# Need help with Type T and TL fuses?



## Fotoguy (Mar 3, 2008)

Newbie here! 

I have an electric water heater in my garage roof and the fuse blew it's a Bussman Type T 15 amp fuse. Can I use a Type "TL" instead? What's the difference between the two fuses (other than the dual element type "T") Will it damage my water heater?

Thanks!


----------



## End Grain (Nov 17, 2007)

Perhaps the info in this link will be helpful to you:

http://homerepair.about.com/od/electricalrepair/ss/fuse_types_5.htm


----------



## Fotoguy (Mar 3, 2008)

Thanks! I read through it but it doesn't really say if I can use a "TL" type instead of a "T" type. The only thing that I know is that the T type is for heavy duty and the TL is for medium duty. 

My water heater is the only thing running through this fuse. Water heater is a Bradford White Electric Heater 1500 Watts......I found the manual online and found the recommended fuse size to be 20A instead of the blown fuse that I found which was a 15A.


----------



## End Grain (Nov 17, 2007)

Try this. It's from the product catalog:

http://www.bussmannelectronics.com/pdf/fb13eab2-8c27-401b-b7c4-2d785e3de088.pdf

According to the info in both links, the Type T is the more resilient and heavier duty of the two types of fuses. But, both fuses will physically screw in and both will technically work and both will carry current up to the ampere rating on each. One may blow a bit faster than the other would because it's medium duty and being used on a water heater but that's about all. Since you're going to replace the heavier duty fuse with a medium duty fuse, the worst that will happen is that the medium duty fuse will blow more quickly if there is an overload or surge. Am I missing something here about your concern over using a medium duty time-delay fuse in place of the heavier duty time-delay fuse? Once the fuse blows, the current flow to the water heater's elements stops.


----------



## nap (Dec 4, 2007)

yes you can use the TL. As a matter of fact, it is more suited for the use than the T. The T has more of a time delay than the TL and is intended for use with motors and such that have high starting currents. A water heater does not have those high starting currents.


----------



## Fotoguy (Mar 3, 2008)

End Grain said:


> Am I missing something here about your concern over using a medium duty time-delay fuse in place of the heavier duty time-delay fuse? Once the fuse blows, the current flow to the water heater's elements stops.



Thanks *End Grain* and *nap* for the link and the info. I rent the house and I asked the owner about it and she doesn't know either, so I told her that before we do something (like hiring somebody to replace a fuse) I'll try and find out about it first.

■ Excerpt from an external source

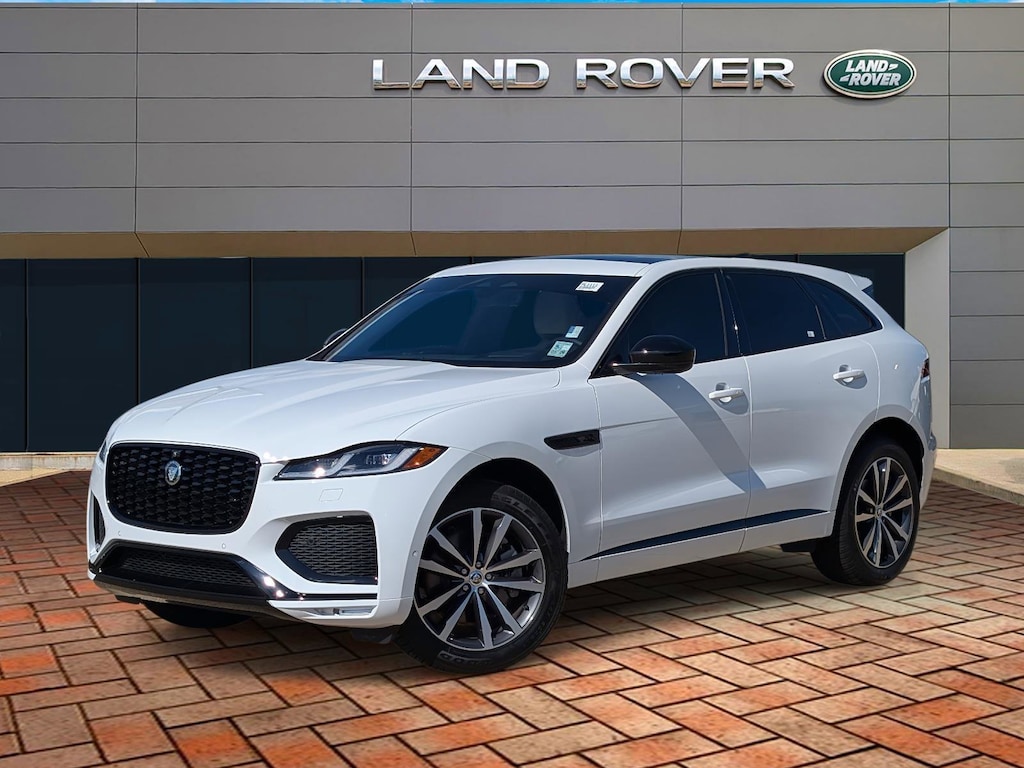Used 2026 Jaguar F-PACE P250 R-Dynamic S SUV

I've always been in a habit wherein If a part is broken I need to replace it with the same exact part. 

Thank you again for the response!


----------



## J. V. (Jun 1, 2007)

Fotoguy said:


> Newbie here!
> 
> I have an electric water heater in my garage roof and the fuse blew it's a Bussman Type T 15 amp fuse. Can I use a Type "TL" instead? What's the difference between the two fuses (other than the dual element type "T") Will it damage my water heater?
> 
> Thanks!


Excellent question! Fuse labeling is one of my pet peeves. Why can't they force the manufaturers to standardize fuse catagories. It is even worse in industrial settings. Every manufacturer uses different labeling. The only thing they do in common is put the current rating on them.


----------